Another (undated) khatvanga with the same decoration was sold Christie's, New York, 23 March 1999 lot 108.
The kirtimukha guard is found as the finial of the throne in the Qi sha Tripitaka (British Library, OMPB Or 80.d.25, Zwalf no. 306, pp. 210-11).
A ritual hammer from the same group was sold at Sotheby's, London, 24 April 1997, lot 122.
The British Museum khatvanga was said to have come from the Tsurphu Monastery in central Tibet. The head of the monastery, Karmapa hierarch Debzhin Shegspa (or Teshin Shekpa, 1384-1415) leader of the Kargyudpa sect, was one of Yongle's two Buddhist teachers. According to G N Roerich, (Blue Annals of Zhonupal, Calcutta, 1949), he returned from China in 1409 bearing presents given to him by the Emperor. Halima, the fifth Tibetan hierarch, is also known to have exchanged gifts with Yongle in 1407. Tsurphu Monastery was completely destroyed during the Cultural Revolution, 1959-66.
An earlier group of presentation objects of imperial quality is in the Museum of Fine Arts, Boston. It includes a ritual axe (1987.93), with very similar spiral scroll decoration on the haft, and a four character mark of the Emperor Hongwu (1368-98). Associated with this is a sword (1988.326 a-b) said to be of the early 14th century; it has a similar double edged, medially ridged blade, a vajra-like hilt and is inscribed with mantras in the Newari Sanskrit of the 13th-14th century.
A scabbard with related but simpler decoration was in the collection of Lord McAlpine (no. A1112, drawing and polaroid on inv. file) in 1991. Closely comparable with this is a hilt, probably of the early 15th century also, in the Metropolitan Museum of Art, New York (LaRocca 1999: fig. 17).

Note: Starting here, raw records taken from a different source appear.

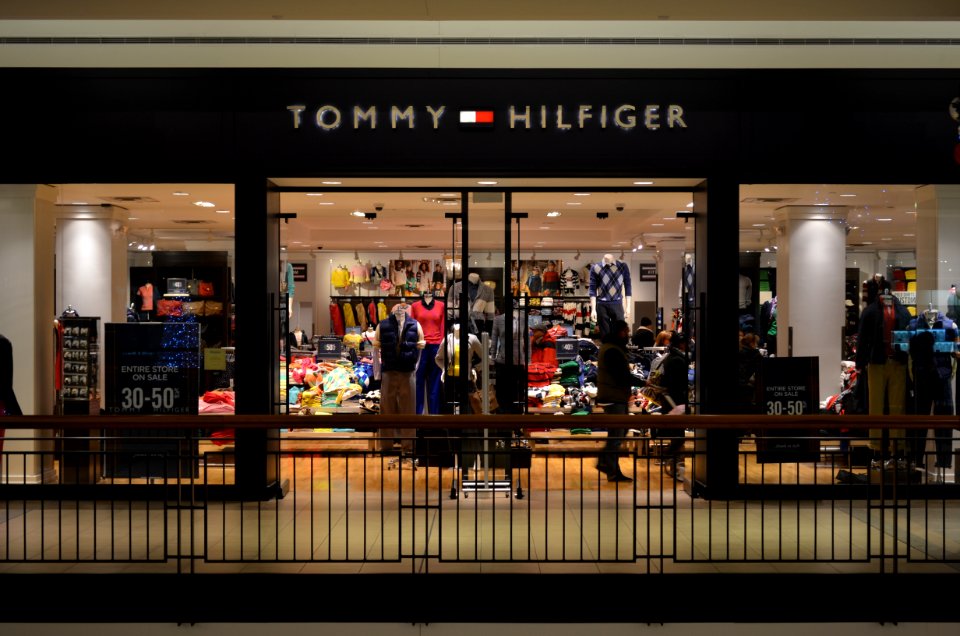 TommyHilfigerFairviewMall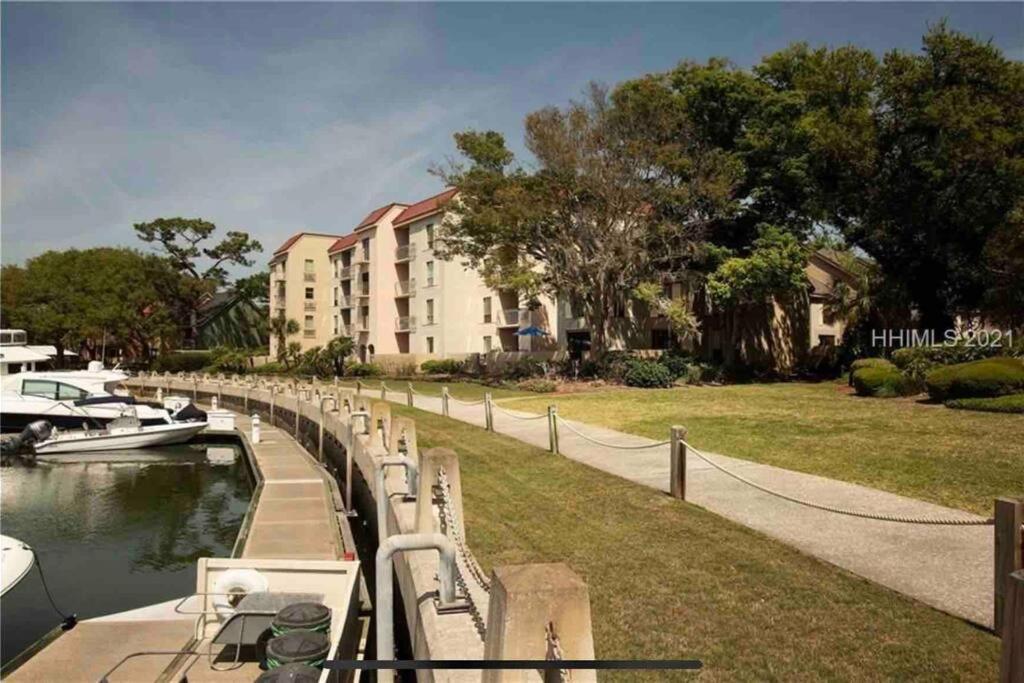 In The Heart Of Harbour Town 2Br 2Ba Pool Access Close To Beach Hilton Head Island Exteriér fotografie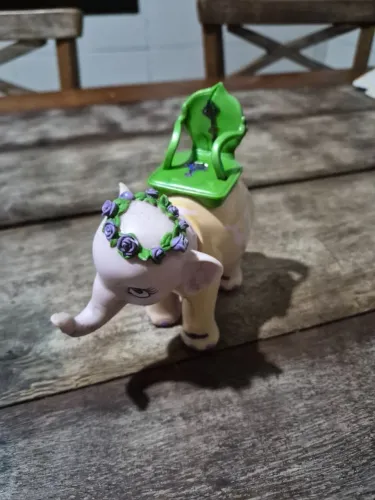Barbie A Princesa Da Ilha Elefante Tika ( Elefantinho Rosa )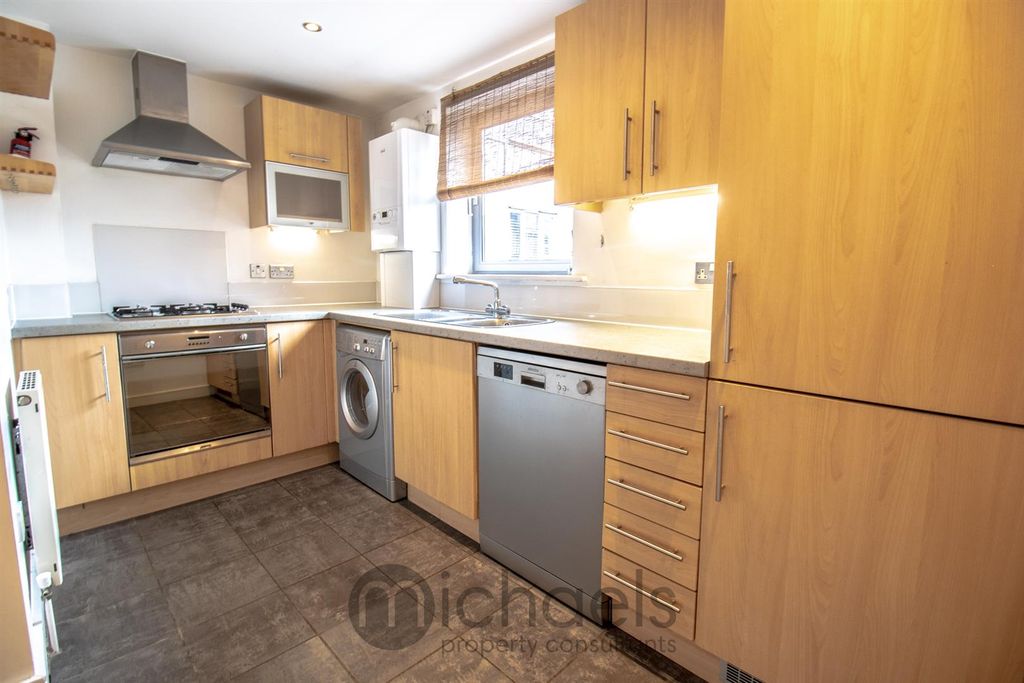 Property photo 2 of 9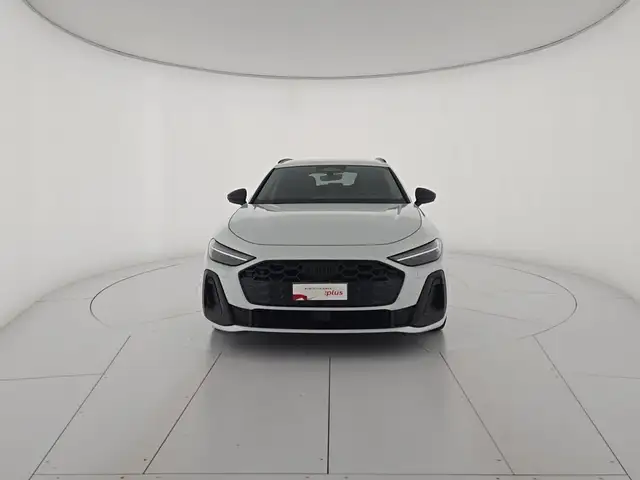 Audi A5 view 7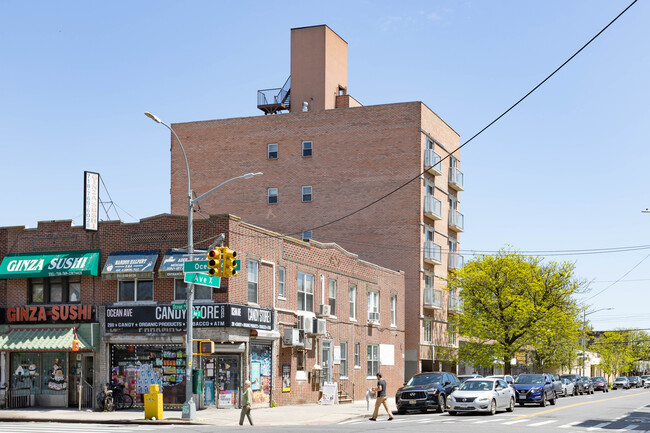 2011 Avenue X in Brooklyn, NY - Foto de edificio - Building Photo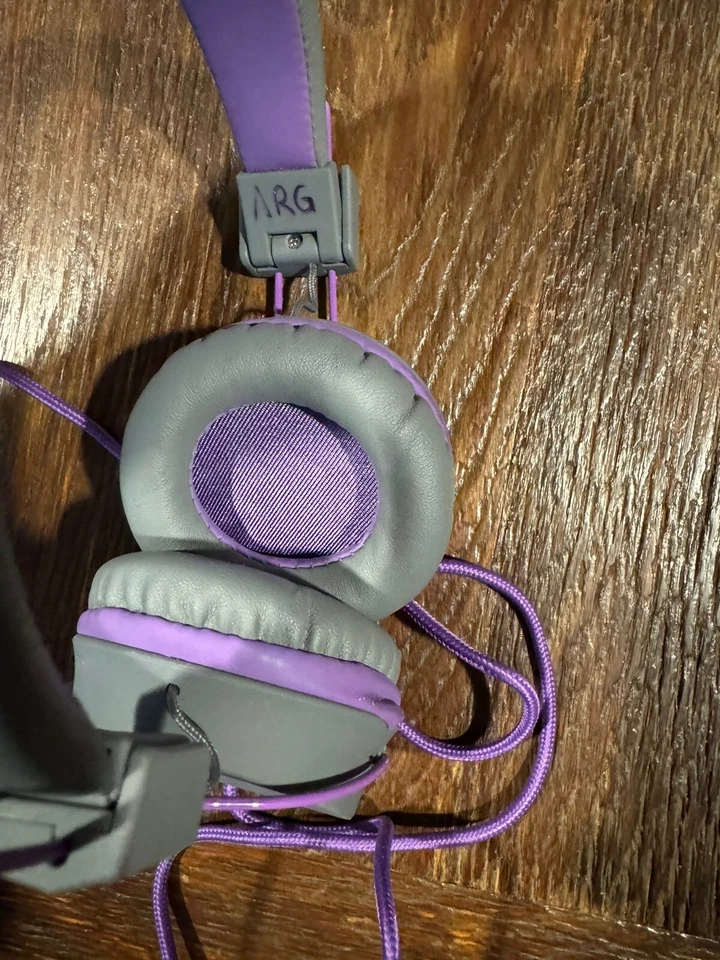 AURICULARES CON CABLE JLAB Youth ON EAR púrpura y gris Foto 3 de 3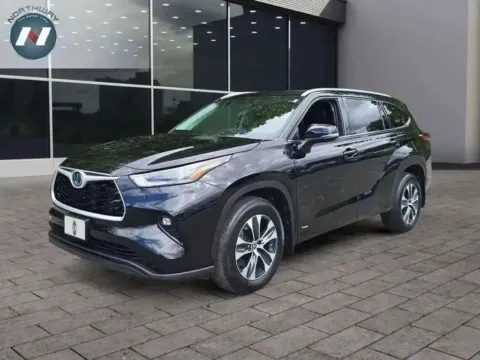 Black 2022 Toyota Highlander Hybrid Hybrid XLE for sale in Lake Hopatcong, NJ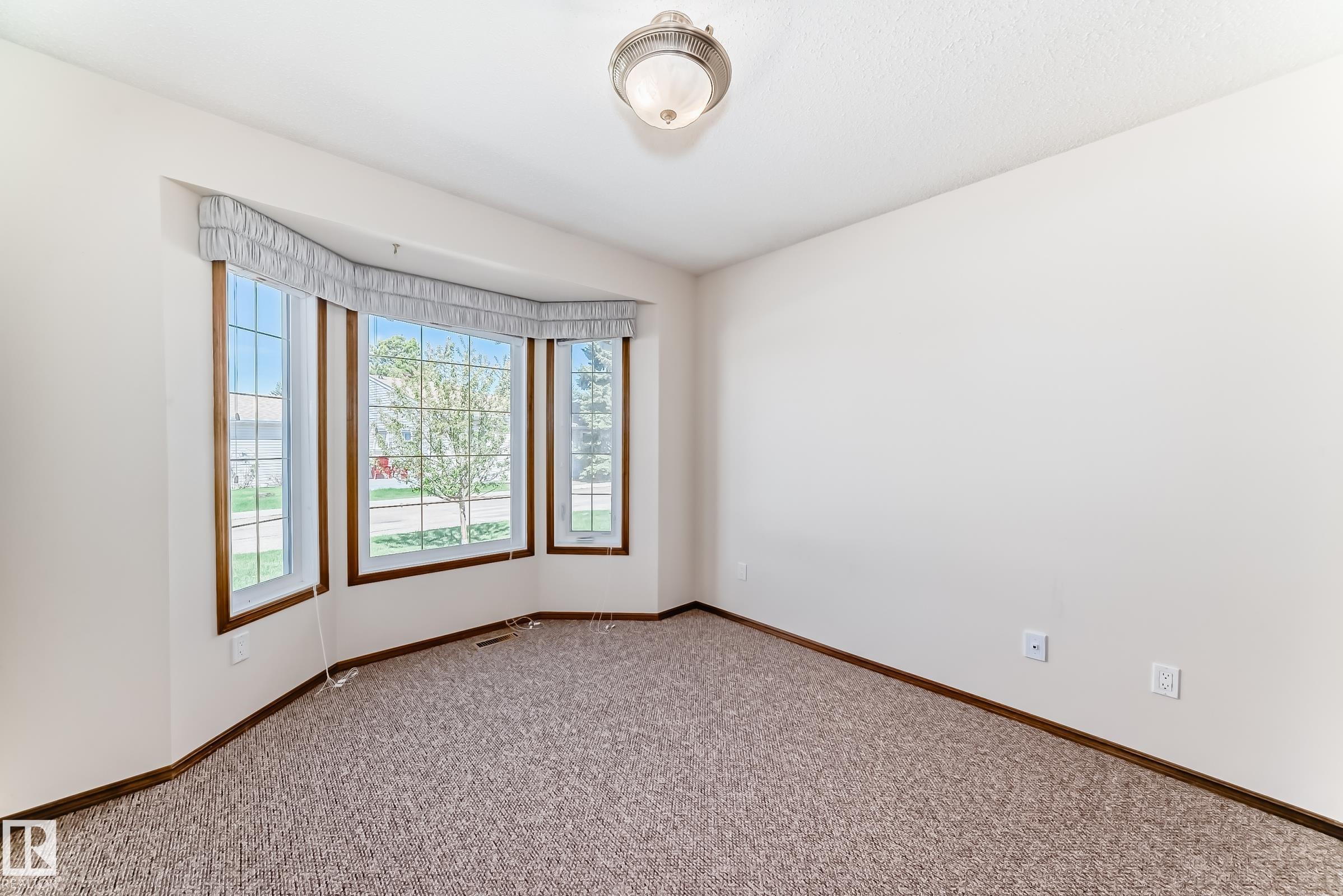 https://zimg.paragon.ice.com/ParagonImages/Property/PM/RAE/225402309/22/0/0/0d3e7424fb46fcc23430a5304c9dd02d/1/40b1fc5436553ca230b63c37befbdca1/225402309-8c024db5-0a17-474a-a323-f578e0fac74c.JPG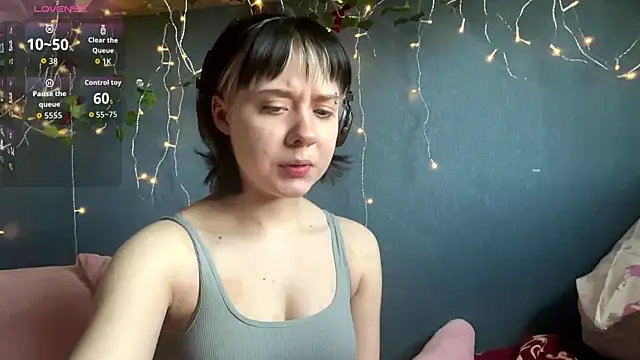 AueshaSimon online show from 04/15/26, 05:14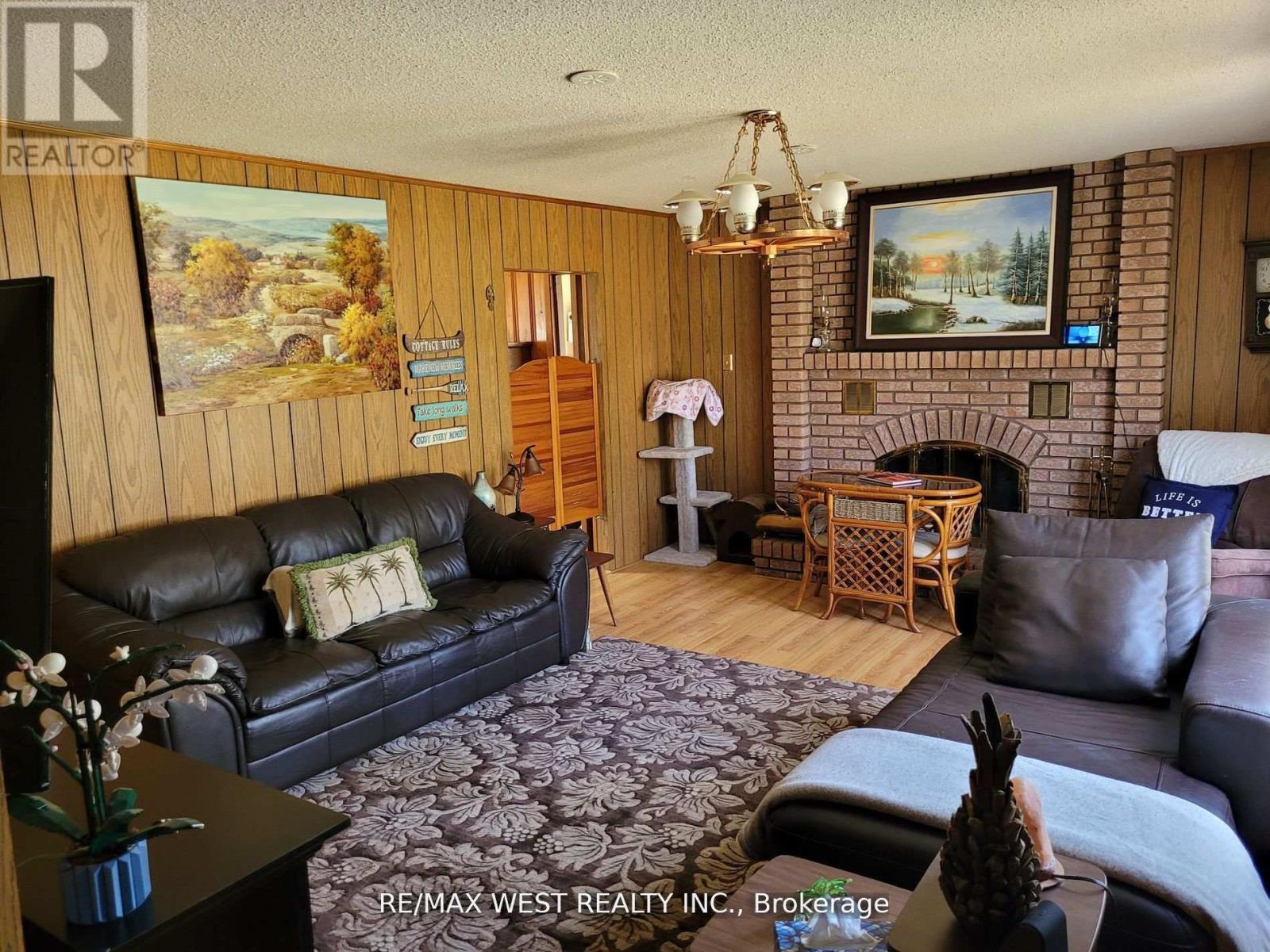 Property at 16 FREDRICK AVENUE image 4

The monster mask is known in Tibetan as 'chibar' ('that which resembles nothing'), or 'shi-dong' ('face of splendour'), in Sanskrit 'kirtimukha' ('glory face'), and in Chinese 'taotie' (see V Reynolds and A Heller, Catalogue of the Newark Museum Tibetan collection, I. Introduction, New Jersey, 1983, p. 75; V Reynolds, Tibet, a lost world, New York, p. 64, no. 136a).